Unity-Technologies / ml-agents

The Unity Machine Learning Agents Toolkit (ML-Agents) is an open-source project that enables games and simulations to serve as environments for training intelligent agents using deep reinforcement learning and imitation learning.
https://unity.com/products/machine-learning-agents
Other
17.3k stars 4.17k forks source link

Synchronization Issue in ML-Agents Decision Timing #6175

Open matinmoezzi opened 1 week ago

matinmoezzi commented 1 week ago

Is your feature request related to a problem? Please describe.
Yes, the problem arises from the desynchronization between the decision time (when Python produces an action) and Academy.EnvironmentStep() (when Unity applies actions). This desync can lead to duplicate actions being taken or duplicate states being read, which is frustrating when trying to maintain consistency and synchronization during training. The issue seems to stem from the non-blocking websocket communication between Unity and Python.

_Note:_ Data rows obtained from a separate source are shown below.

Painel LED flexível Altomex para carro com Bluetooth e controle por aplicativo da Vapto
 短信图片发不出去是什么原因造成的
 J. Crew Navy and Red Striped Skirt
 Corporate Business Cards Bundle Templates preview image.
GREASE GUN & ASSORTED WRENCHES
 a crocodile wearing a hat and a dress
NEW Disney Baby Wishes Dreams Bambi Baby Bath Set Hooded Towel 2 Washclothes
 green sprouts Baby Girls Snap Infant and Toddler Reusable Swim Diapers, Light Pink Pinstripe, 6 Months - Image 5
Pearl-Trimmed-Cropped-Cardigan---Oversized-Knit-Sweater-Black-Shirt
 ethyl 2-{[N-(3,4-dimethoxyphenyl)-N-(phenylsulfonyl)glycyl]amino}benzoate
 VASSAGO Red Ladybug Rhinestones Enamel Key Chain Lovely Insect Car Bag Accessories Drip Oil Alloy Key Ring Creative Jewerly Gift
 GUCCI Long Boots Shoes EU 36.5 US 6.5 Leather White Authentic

Describe the solution you'd like
I’d like a blocking mechanism in Unity that pauses rendering until the next action from Python is available. This would ensure that Academy.EnvironmentStep() only processes actions and states in sync with the decision-making process, preventing duplicates.

Describe alternatives you've considered

Additional context
This issue is likely caused by the asynchronous nature of websocket-based communication. A blocking mechanism could help bridge the gap between Unity and Python processes. Feedback or alternative solutions from the community would be greatly appreciated.

wlsdn2749 commented 12 hours ago

Howdy!

Have you ever used RequestDecision method instead of Decision Requester Components?

main usage is

public class Test : Agent
...
private bool isShootable;
void FixedUpdate()
{
  if(isShootable)
  {
    RequestDecision();
  }
}

...

The RequestDecision method works exactly the same as the Decision Requester component. However, decisions can be almost perfectly controlled as much as you want, so it will likely be more useful than you think

It follows the same process, such as RequestDecision -> CollectObservation -> OnActionReceived, and so on.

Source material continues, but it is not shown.